NVIDIA CUDA Tile, launched with NVIDIA CUDA 13.1, introduced tile-based programming for GPUs. Designed with a top-level language layer and another intermediate layer that any high-level programming language can target, CUDA Tile automatically makes use of the advanced capabilities of NVIDIA hardware—including tensor cores, shared memory, and tensor memory accelerators—without requiring the application to target them directly. 

Python was the first language supported for tile-based GPU applications. The newly released CUDA 13.3 adds support for writing tile kernels in C++, enabling developers to build highly optimized GPU kernels.  

What is CUDA Tile C++?

CUDA Tile C++ is an expression of the CUDA Tile programming model in C++, built on top of the CUDA Tile IR specification. It enables developers to write tile kernels in C++ and express GPU kernels using a tile-based model, rather than or in addition to a single instruction, multiple threads (SIMT) model. 

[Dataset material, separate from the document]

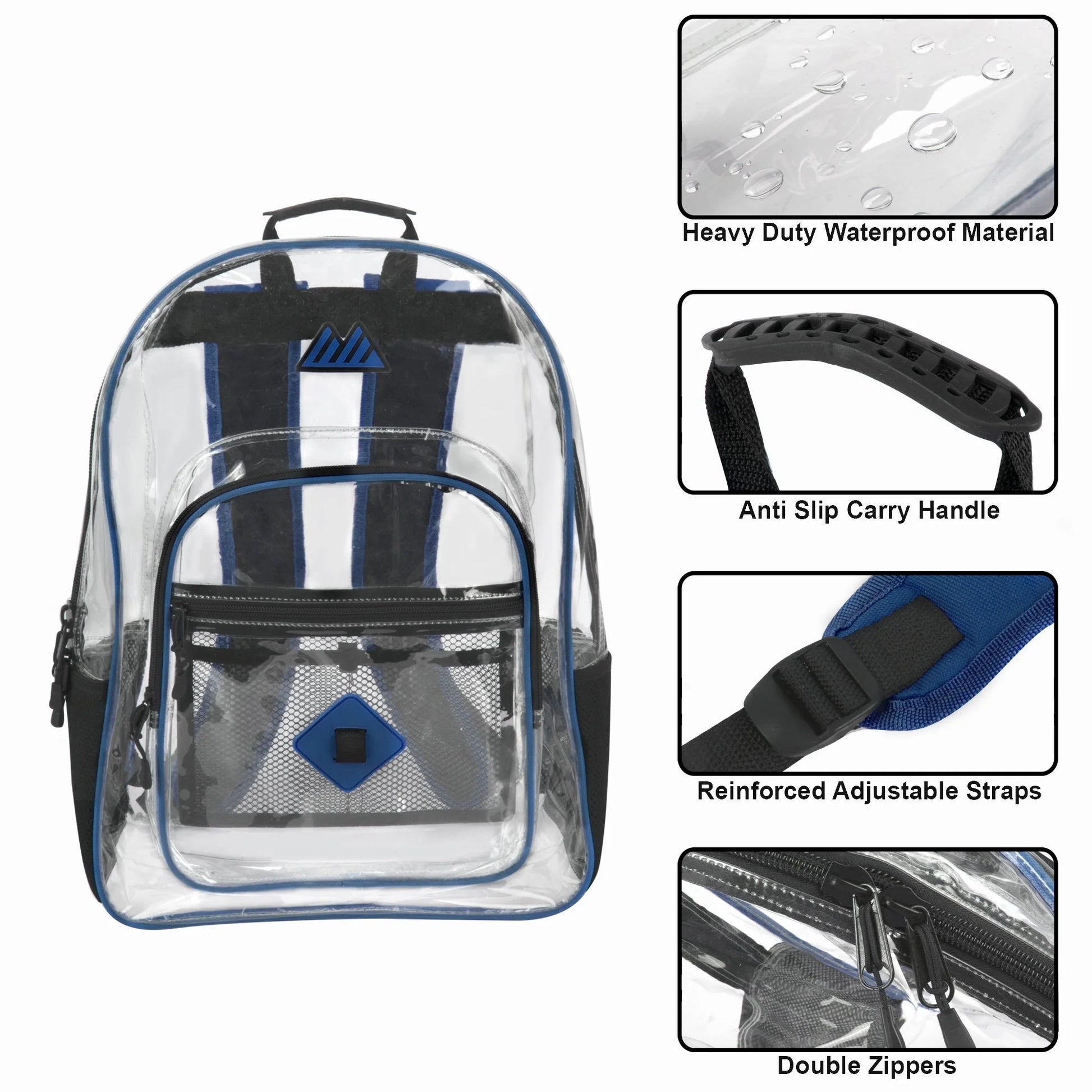 18-Inch Summit Ridge Clear Backpack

As a refresher, in the tile model:

  • Multi-dimensional arrays are the primary data storage.
  • Tiles are portions of arrays that kernels operate on.
  • Kernels are functions that are executed in parallel by blocks.
  • Blocks are subsets of the GPU; operations on tiles are parallelized across all the threads in each block.

CUDA Tile C++ automates parallelism within blocks, along with asynchrony, memory movement, and other low-level details of GPU programming. CUDA Tile C++ is portable across different NVIDIA GPU architectures, enabling developers to use the latest hardware features without having to rewrite code.

CUDA Tile C++ vector add example

Developers familiar with CUDA C++ for SIMT have likely encountered the canonical vector addition kernel. Assuming the data is already on the GPU, a vector add kernel in CUDA SIMT takes two vectors and adds them together element-wise to produce a third vector. This is one of the simplest CUDA kernels to write. It looks as follows.

__global__ void vecAdd(float* A, float* B, float* C, int vectorLength)
{
 /* calculate my thread index */
 int workIndex = threadIdx.x + blockIdx.x*blockDim.x;

 if(workIndex < vectorLength)
 {
  /* perform the vector addition */
  C[workIndex] = A[workIndex] + B[workIndex];
 }
}

In this kernel, each thread’s work is explicitly specified, and the programmer, when launching this kernel, will specify the number of blocks and threads to be launched.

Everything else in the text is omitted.